With a few updates under the TV’s belt, the Google TV software experience is also now where it ought to be. The interface does a great job with personalized recommendations — though it continues to sting that Netflix is unwilling to participate — and the built-in microphone array picked up my “Hey Google” voice queries without any struggles even when the TV was playing something. You can turn off the mics with a physical switch if you’re not a fan of the concept. Google’s OS offers pretty much every streaming app you could want, and also comes with Google Cast built-in. On the flip side, TCL’s Roku TVs support Apple’s AirPlay 2 and HomeKit protocols, but that’s not true of the Google TV models.

I tested the R646 with both my Xbox Series X and PS5, and this is one heck of a gaming TV. Uncharted: Legacy of Thieves collection looks stunning in its 4K fidelity mode — same for Forza Horizon 5. Halo Infinite and Uncharted both played great in their 120Hz modes. Some owners have wondered whether TCL might be adjusting or halving the resolution of 4K games when running at 120Hz, but the company insists that the 6-Series Google TV maintains a full 4K output when that’s what it’s receiving from a game. This is a key differentiator from the Roku TV edition, which only supports 1440p at 120Hz.

Two of the HDMI ports support 4K gaming at 120Hz.

VRR seemed to work as expected on the Series X, helping to smoothen out gameplay and avoid any noticeable frame rate stutters.

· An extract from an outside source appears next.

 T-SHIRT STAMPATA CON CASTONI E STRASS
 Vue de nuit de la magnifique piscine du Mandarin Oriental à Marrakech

But as I mentioned earlier, the TV’s settings can get a little confusing in game mode: the local dimming option can sometimes disappear or display as “off” when VRR is enabled, but it’s actually still enabled and stays at whatever setting you had it at previously. Asked about, TCL spokesperson Rachelle Parks said:

TCL continuously evaluates the usability of TVs, including how to enable advanced controls for the many powerful features available through high-performance TVs like 6-Series. Although we believe that 6-Series featuring Google TV has the right balance between easy operation and advanced customization, together with our game console and graphics card partners that deliver VRR games, we are studying ways to make gaming even easier for our customers. And yes – local dimming is available with the game mode setting.

At the end of the day, TCL’s 6-Series Google TV is among the very best 4K TVs you’ll find in its price range and the sort of set that will keep owners satisfied for years to come. The company made an unfortunate mistake in shipping the R646 with half-baked software, but has managed to correct course in a respectable amount of time. The Google TV 6-Series is technically superior to its older Roku sibling in a number of ways — most importantly with that proper support for 4K 120Hz gaming — and it’s an impressive showcase of TCL’s Mini LED advancements. If you want a bright, bold TV and can find a deal, there’s little reason to hesitate. I wasn’t sure I’d be able to say that back when the software was laggy and bug-prone, but I’ve got no reservations now.